> **Exercise objective**: Print the lines below from the line with "Isaac bendiciendo a" to the line with "Cute Walk By" exactly, keeping both ends, and print no pictures.
====== Material for this task ======
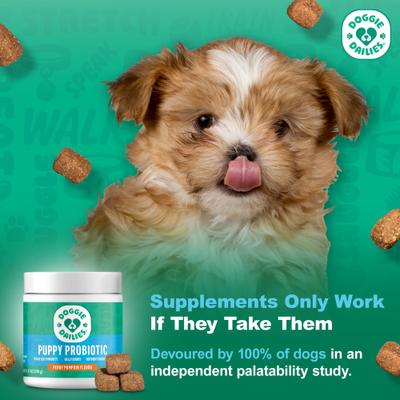 Show full view: Doggie Dailies Puppy Probiotics for Puppies with Digestive Enzymes, Promotes Digestive Health, Supports Immune System & Overall Development, 120 count slide 4 of 11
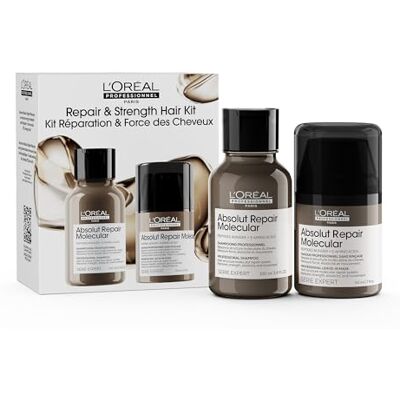 L'Oréal Professionnel Paris L'Oréal Professionnel, Mini Duo Geschenkset, Herstellende Shampoo En Hittebeschermende Leave-In, Voor Zeer Beschadigd Haar, Met Peptiden Bonder en 5 Aminozuren, Absolut Repair Molecular, 100ml & 50 ml L'Oréal Professionnel Paris L'Oréal Professionnel, Mini Duo Geschenkset, Herstellende Shampoo En Hittebeschermende Leave-In, Voor Zeer Beschadigd Haar, Met Peptiden Bonder en 5 Aminozuren, Absolut Repair Molecular, 100ml & 50 ml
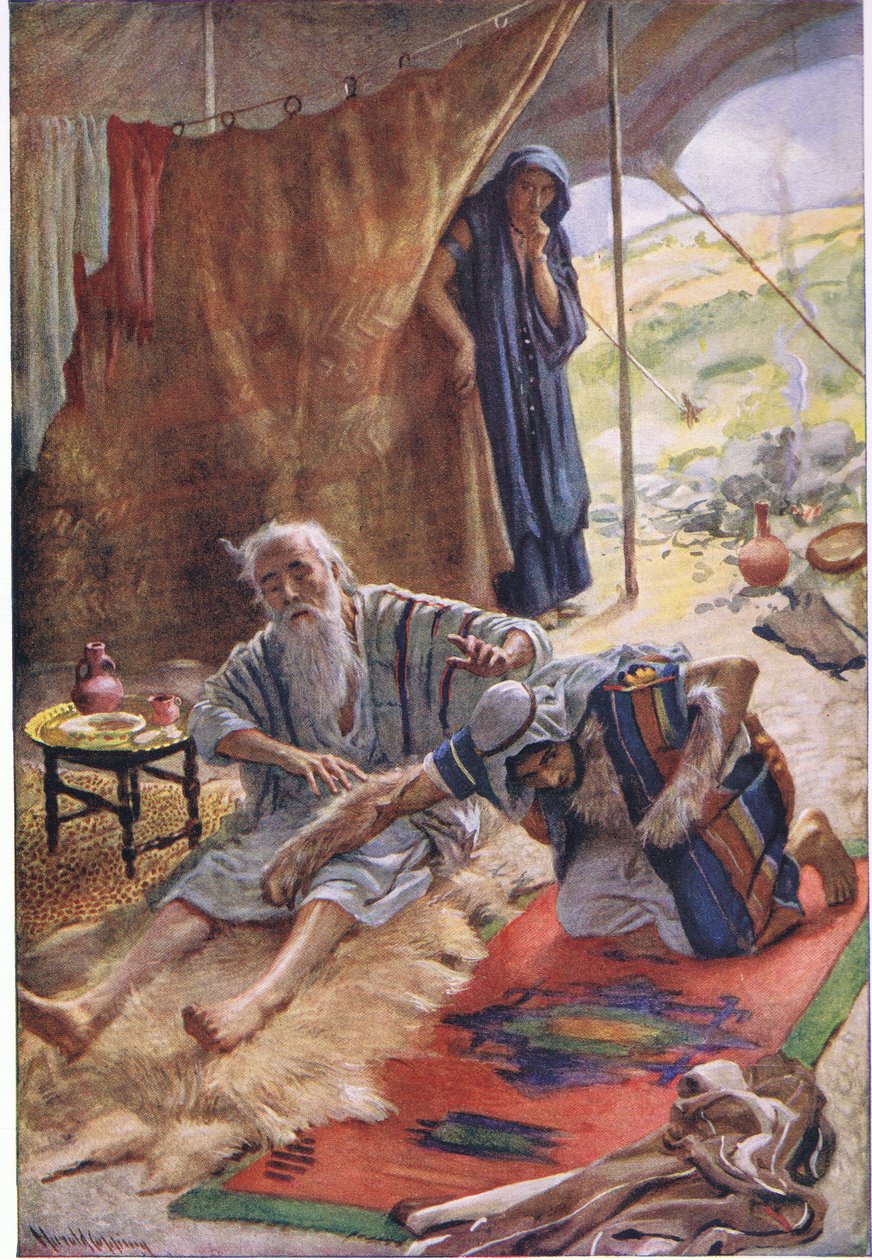 Isaac bendiciendo a su hijo Jacob, ilustración de Imágenes que Enseñan La Serie de la Corona, 1920 de Harold Copping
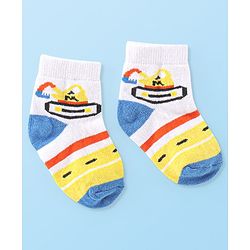 Cute Walk By Babyhug Anti Bacterial Cotton Rich Non Terry Ankle Length Socks Stripes & Car Deign Pack Of 5 - Multicolor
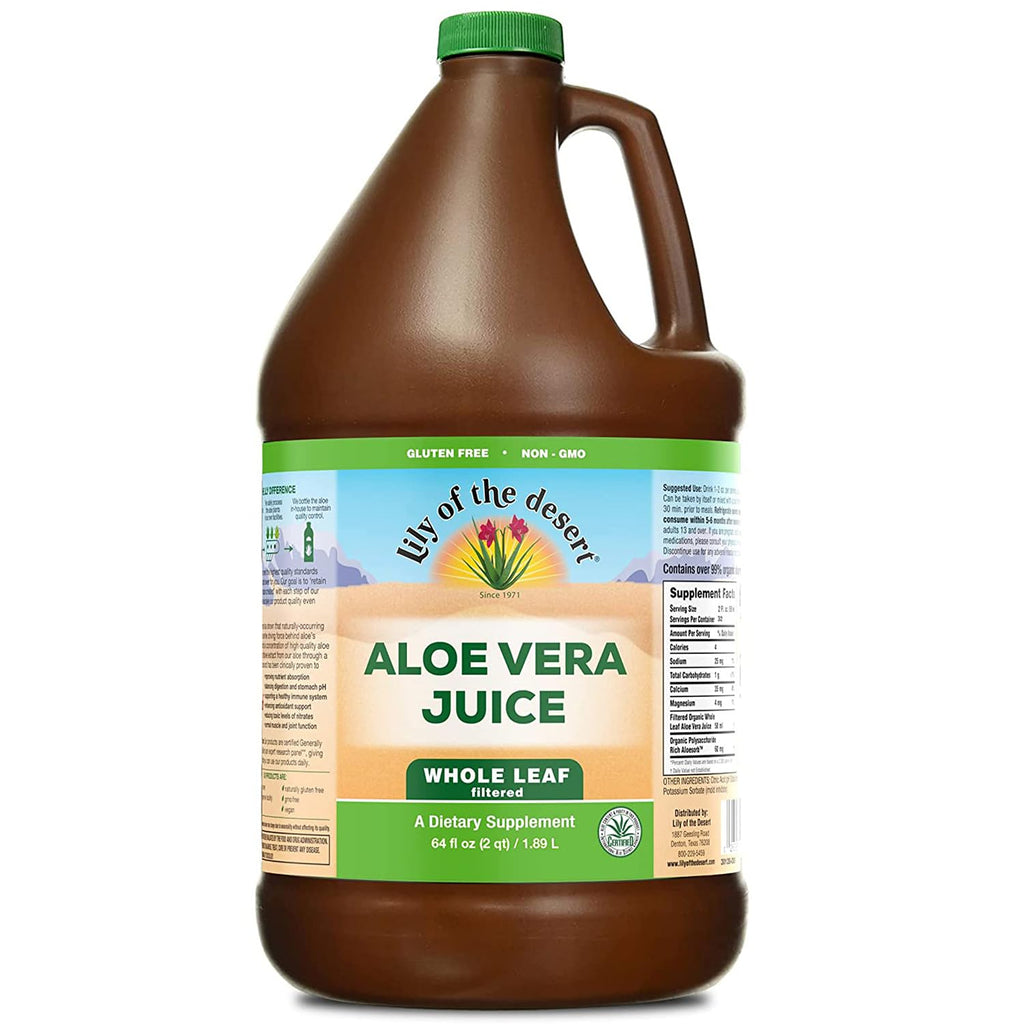 Lily of the Desert Aloe Vera Juice - Whole Leaf Filtered Aloe Vera Drink, Non-GMO Aloe Juice with Natural Digestive Enzymes for Gut Health, Stomach Relief, Wellness, Glowing Skin, 32 Fl Oz (Pack of 2)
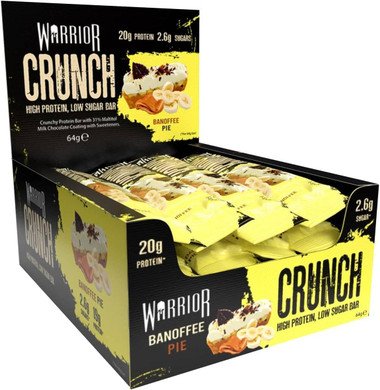 Warrior Crunch - High Protein Bars - 20g Protein Each Bar - Low Carb, Low Sugar Snack - 12 Pack x 64g (Banoffee Pie)
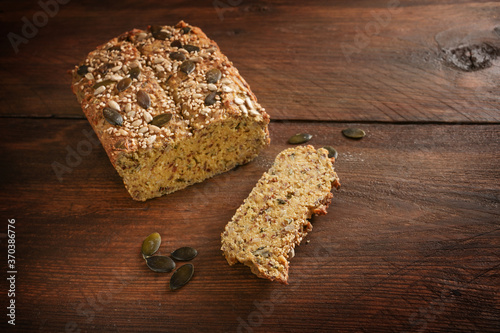 Canvas Print Healthy protein bread from lupine flour, oat bran, almond, pumpkin seeds and oth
======
> **Task response**:
 Isaac bendiciendo a su hijo Jacob, ilustración de Imágenes que Enseñan La Serie de la Corona, 1920 de Harold Copping
 Cute Walk By Babyhug Anti Bacterial Cotton Rich Non Terry Ankle Length Socks Stripes & Car Deign Pack Of 5 - Multicolor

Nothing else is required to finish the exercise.